Je n’ai pas connu 68, ni au bac, ni ailleurs. Je n’ai pas connu la Diane, ni Gérard Philipe. Mais je connais Caubère et ses monologues à mille voix, sa précision, ses visages, et Ferdinand Faure, son alter ego, qui, dans cet épisode joué en alternance avec La Danse du Diable au Théâtre de l’Athénée, passe son bac au même moment que la plage est sous les pavés et que les grèves font rage.

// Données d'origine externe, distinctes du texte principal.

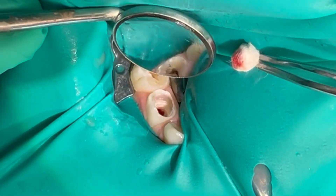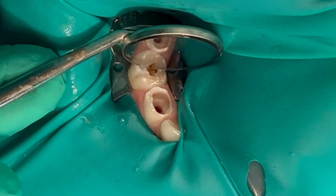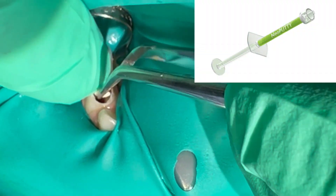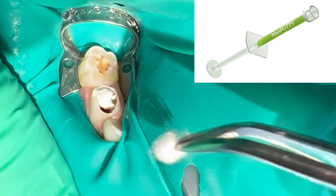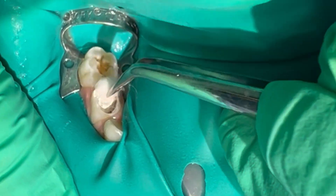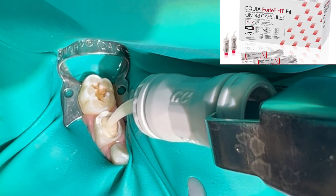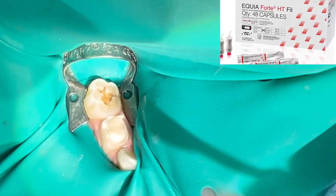Please feel free to watch my previous vital pulp therapy videos, but the pulp should be non-bleeding after the removal of cotton pellets. The pulp therapy is then applied, which is Neoputti by Nusmile, and then GC Equiforte is placed as an obtundant and is condensed into the chamber.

Dans le jeu que Caubère invente, tout a une voix. Ferdinand, sa mère, son prof, sa voiture, son public, aussi. Il n’y a pas grand-chose d’autre à voir sur le plateau. Parfois on utilise la musique dans un désir d’épique, on accessoirise vaguement. Mais la plupart du temps, tout se joue dans ce vide, comme on improvise une histoire, comme ça, sur le vif : « Je ne t’ai pas raconté l’histoire de, comment qui s’appelle… ? » Raconter aux plus jeunes, parler aux plus âgés, là est la nuance. Autobiographie et délire. Lors de sketches fleuves, on passe de la bague du Pape à des papillons crucifiés dans une collection, de la Sibérie aux agrumes, du regard consterné d’une mère qui dit des mots à la place d’autres. On rit, beaucoup, on assiste aussi à de vraies perles d’écriture, petits plaisirs lettrés. Et ils en prennent pour leur grade d’ailleurs, les lettrés.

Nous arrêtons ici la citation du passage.